In this session, Shermaine Perry Knights explore systemic thinking, processes are kings, and how feedback is key. She is welcomed as a guest with a strong academic background and proven success taking STEM as a woman of color. They will be talking about her work in mentoring and developing other women, as well as collaborating with girls and young women in STEM. Shermaine has had an extensive career in education, specifically STEM, but she is also Innovative Consultants of DeKalb’s founder and chief learning officer. Her other responsibilities include training and instructional design for Fulton County Government. An engaging educator and workforce development coach, she loves creating aha moments and learning solutions.
The podcast “STEMming in Stilettos with Dr. Toshia” was created by Dr. Natoshia Anderson an inspiring, phenomenal, and founder of Natoshia Anderson Consulting. As a former mechanical engineer, Dr. Natoshia Anderson is now a STEM educator and advocate for STEM gender equity and diversity, a STEM leadership consultant, and a dynamic and insightful STEM motivational speaker and podcast host (STEMming in Stilettos TM). She offers STEM keynote/motivational speaking services to organizations, associations, corporations, conferences, and educational systems nationwide, as well as professional and leadership development coaching. When she is not reading romance novels or binge-watching Netflix, Dr. Anderson can be found watching a good show on Netflix.
As Shermaine wears a strategic business partner hat throughout this blog, she will be answering questions regarding process improvement and employee development. She will be doing this in her combined roles of an instructional designer, project manager, senior trainer, teacher, and facilitator, offering advice to executives on process improvement and employee development. By peers and colleagues, Shermaine is considered a leader in her talent development career.
Shermaine says “My STEM story in a nutshell. Having always been a Science Math and Engineering person, as my career developed, I initially thought I would develop effective policies, organize everything, and streamline everything. However, I then realized I did not need to do that. What I can do is work to make them more efficient but once you have done that, you start picking apart across the process, just really building things. You still must educate individuals on what that looks like because what I found through all my different turns and twists within a career is that in learning processes, keen not content process, right and so, I had to go right back to STEM, and I said, Okay, how do you lay out the process?

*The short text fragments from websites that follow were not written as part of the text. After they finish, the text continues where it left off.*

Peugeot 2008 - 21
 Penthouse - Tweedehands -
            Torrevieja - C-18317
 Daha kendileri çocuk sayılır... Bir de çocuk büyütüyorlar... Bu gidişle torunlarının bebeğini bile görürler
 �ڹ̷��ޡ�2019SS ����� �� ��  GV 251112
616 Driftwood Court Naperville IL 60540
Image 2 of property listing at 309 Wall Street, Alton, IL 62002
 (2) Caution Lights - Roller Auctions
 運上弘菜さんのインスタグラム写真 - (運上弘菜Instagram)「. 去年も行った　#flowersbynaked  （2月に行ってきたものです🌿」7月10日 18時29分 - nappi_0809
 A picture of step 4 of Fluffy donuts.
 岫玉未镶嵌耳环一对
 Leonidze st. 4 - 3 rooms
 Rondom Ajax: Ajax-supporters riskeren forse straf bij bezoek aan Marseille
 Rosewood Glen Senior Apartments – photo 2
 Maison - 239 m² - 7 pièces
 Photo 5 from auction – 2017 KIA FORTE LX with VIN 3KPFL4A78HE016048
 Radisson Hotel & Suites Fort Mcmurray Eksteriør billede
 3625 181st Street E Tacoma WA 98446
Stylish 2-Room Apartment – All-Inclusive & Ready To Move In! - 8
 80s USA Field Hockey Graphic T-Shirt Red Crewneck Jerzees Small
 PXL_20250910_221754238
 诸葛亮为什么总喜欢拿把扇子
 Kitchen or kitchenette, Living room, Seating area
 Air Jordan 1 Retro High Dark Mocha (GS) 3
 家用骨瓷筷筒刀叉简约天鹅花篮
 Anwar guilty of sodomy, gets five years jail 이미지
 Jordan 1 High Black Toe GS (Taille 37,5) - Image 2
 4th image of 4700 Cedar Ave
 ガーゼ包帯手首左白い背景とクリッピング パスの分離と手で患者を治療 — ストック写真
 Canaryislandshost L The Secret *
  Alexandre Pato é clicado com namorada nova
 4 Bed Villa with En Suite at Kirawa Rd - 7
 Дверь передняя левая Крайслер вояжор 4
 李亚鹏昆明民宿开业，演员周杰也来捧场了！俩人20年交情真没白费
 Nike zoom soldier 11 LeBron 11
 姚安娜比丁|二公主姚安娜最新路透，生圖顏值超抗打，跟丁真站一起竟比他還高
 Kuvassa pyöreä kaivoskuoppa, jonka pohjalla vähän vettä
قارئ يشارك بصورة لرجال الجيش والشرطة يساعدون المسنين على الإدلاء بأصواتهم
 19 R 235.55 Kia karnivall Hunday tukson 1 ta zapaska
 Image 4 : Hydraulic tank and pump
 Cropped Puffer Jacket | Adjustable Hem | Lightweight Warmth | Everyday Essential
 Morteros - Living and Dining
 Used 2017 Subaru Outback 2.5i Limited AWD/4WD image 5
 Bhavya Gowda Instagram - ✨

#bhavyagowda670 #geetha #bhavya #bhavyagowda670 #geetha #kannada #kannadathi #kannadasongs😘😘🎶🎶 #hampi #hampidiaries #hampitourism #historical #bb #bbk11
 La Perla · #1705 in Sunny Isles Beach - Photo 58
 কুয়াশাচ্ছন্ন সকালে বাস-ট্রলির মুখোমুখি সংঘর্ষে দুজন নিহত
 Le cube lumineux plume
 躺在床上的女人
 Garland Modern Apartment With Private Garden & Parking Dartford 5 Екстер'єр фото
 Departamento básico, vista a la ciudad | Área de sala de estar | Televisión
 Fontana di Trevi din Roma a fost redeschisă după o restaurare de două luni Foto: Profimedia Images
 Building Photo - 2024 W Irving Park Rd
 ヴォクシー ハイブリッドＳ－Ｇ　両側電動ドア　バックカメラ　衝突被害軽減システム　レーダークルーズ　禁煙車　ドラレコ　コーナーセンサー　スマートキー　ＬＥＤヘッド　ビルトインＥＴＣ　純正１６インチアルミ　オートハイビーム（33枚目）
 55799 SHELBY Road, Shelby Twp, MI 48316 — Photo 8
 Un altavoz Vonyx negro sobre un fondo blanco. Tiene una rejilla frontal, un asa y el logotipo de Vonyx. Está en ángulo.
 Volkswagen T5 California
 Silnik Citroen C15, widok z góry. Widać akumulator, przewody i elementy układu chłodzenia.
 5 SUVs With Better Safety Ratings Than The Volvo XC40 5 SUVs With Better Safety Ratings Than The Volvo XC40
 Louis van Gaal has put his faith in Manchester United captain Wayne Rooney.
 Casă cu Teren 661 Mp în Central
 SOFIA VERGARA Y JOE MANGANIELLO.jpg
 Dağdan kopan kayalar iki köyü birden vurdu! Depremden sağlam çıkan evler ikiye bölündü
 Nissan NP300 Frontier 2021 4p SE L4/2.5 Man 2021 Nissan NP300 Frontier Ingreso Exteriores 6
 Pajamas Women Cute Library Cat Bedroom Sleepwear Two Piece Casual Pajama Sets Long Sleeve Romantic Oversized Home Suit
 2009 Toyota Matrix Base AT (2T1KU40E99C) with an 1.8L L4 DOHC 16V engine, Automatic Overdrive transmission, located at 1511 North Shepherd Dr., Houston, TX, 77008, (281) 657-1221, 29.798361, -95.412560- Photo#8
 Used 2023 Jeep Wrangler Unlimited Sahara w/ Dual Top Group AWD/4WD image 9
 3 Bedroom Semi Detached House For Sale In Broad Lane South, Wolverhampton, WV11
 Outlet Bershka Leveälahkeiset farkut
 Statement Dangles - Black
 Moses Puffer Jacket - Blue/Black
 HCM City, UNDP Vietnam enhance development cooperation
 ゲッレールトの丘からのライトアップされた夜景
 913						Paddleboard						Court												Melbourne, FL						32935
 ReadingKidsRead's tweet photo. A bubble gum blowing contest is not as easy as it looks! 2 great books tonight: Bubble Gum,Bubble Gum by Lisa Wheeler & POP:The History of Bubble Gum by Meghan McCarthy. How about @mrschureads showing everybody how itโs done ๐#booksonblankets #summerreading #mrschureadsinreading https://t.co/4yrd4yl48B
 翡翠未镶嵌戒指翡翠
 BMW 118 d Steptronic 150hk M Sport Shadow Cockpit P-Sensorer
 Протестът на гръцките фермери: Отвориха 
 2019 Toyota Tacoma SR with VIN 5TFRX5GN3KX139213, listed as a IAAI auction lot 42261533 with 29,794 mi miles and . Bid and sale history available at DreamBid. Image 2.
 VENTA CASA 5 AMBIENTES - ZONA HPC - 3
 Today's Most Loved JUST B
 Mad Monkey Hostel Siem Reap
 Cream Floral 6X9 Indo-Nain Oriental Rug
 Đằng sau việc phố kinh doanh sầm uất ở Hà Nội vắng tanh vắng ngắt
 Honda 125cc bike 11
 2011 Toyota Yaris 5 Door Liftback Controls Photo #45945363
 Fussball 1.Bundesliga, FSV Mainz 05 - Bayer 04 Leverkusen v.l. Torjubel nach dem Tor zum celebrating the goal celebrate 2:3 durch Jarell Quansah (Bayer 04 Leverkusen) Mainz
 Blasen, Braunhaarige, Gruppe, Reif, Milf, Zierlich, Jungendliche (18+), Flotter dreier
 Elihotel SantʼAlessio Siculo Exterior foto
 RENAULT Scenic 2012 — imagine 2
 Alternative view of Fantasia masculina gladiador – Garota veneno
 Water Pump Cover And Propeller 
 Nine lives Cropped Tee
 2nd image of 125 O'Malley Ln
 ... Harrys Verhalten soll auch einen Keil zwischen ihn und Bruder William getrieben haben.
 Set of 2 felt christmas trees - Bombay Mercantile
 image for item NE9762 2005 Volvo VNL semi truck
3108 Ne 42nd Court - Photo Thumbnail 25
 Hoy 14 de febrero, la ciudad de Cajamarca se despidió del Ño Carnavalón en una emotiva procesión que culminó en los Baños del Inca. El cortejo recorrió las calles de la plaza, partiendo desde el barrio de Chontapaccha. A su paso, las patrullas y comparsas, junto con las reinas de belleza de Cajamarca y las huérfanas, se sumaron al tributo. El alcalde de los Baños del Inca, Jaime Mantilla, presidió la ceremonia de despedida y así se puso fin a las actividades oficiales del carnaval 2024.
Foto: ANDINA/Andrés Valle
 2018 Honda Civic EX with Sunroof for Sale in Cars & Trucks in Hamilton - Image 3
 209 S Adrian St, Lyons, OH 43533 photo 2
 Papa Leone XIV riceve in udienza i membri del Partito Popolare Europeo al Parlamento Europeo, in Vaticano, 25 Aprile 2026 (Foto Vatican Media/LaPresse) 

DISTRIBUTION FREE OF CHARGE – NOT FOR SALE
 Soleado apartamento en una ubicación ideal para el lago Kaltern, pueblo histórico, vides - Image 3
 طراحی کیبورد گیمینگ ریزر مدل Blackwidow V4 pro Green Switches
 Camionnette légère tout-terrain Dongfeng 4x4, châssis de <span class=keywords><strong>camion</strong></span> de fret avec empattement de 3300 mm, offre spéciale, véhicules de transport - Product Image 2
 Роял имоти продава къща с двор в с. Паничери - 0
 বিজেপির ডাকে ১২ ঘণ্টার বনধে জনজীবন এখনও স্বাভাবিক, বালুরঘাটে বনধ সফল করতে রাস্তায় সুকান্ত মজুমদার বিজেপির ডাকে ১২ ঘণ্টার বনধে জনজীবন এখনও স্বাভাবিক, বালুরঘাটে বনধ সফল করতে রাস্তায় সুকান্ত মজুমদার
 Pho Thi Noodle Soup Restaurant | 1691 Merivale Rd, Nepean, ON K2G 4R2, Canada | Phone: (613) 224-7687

How do you create sections and then build and most importantly, make them digestible for anyone to understand within my career, I have worked as a project manager I have worked as an educator within higher ed and in the middle school environment, shout out to middle school! If you want to learn how to facilitate a discussion with thirty conversations happening at the same time, and multiple distractions at the same time, Middle School is the place it has taught me so much and so now my career has evolved where I am teaching managers how to become leaders. There is a difference. I am helping to improve the bottom line and organization and most importantly, 2020 has encouraged me to remember nothing else. That flexibility is everything, celebrating the diversity of thought, diversity of opinion, diversity, and action and again, it always goes back to the science and art of how you deliver anything, and I said I am going to pivot and become an author this year. So that was the most recent turn in my career.”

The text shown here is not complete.